20. Clearly, as the judge properly found at [65] to [67], and for the reasons properly given, the priority was for F to remain at her current school and complete her education there, as a boarder, and there was no reason, given PF's commitment to continue funding her education and given F's ability to visit her mother in Norway during school holidays or even at weekends, why the appellant's deportation would prevent that. There is no merit in the assertion in the grounds that the judge failed to give proper consideration to F's evidence and to the evidence of PF in regard to F's circumstances and interests. As for Ms Manning's reliance upon the respondent's previous decision, on Article 8 grounds, not to pursue deportation, it is clear that that was a decision made prior to the appellant re-offending during the period of her licence and that it was in any event a matter which the judge took into account at [57]. Having taken all relevant matters into account, and having given full and detailed consideration to the circumstances of the appellant, PF and in particular F, and for the reasons cogently given, the judge was perfectly entitled to conclude, and properly concluded, that the appellant's deportation would not be disproportionate.

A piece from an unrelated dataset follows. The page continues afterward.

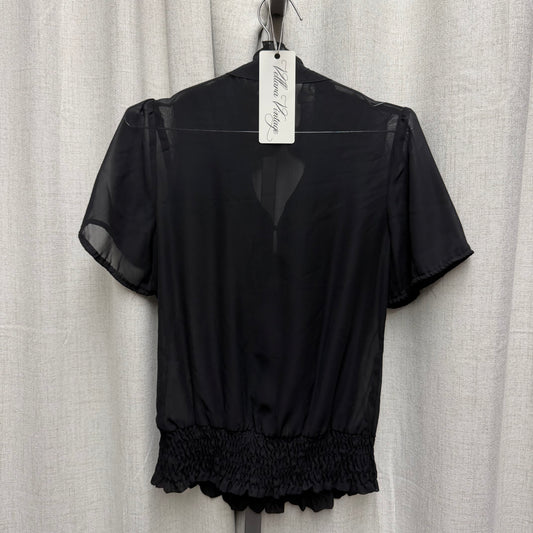 Black Sheer Ruffled Blouse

21. For all of these reasons I conclude that the grounds of appeal do not disclose any errors of law in the First-tier Tribunal's decision requiring the decision to be set aside.
DECISION
22. The appellant's appeal is accordingly dismissed. The making of the decision of the First-tier Tribunal did not involve an error on a point of law, such that the decision has to be set aside. I do not set aside the decision. The decision to dismiss the appellant's deportation appeal therefore stands.
Anonymity Order
Pursuant to Rule 14 of the Tribunal Procedure (Upper Tribunal) Rules 2008 (SI 2008/269) I make an anonymity order. Unless the Upper Tribunal or a Court directs otherwise, no report of these proceedings or any form of publication thereof shall directly or indirectly identify the original Appellant. This direction applies to, amongst others, all parties. Any failure to comply with this direction could give rise to contempt of court proceedings.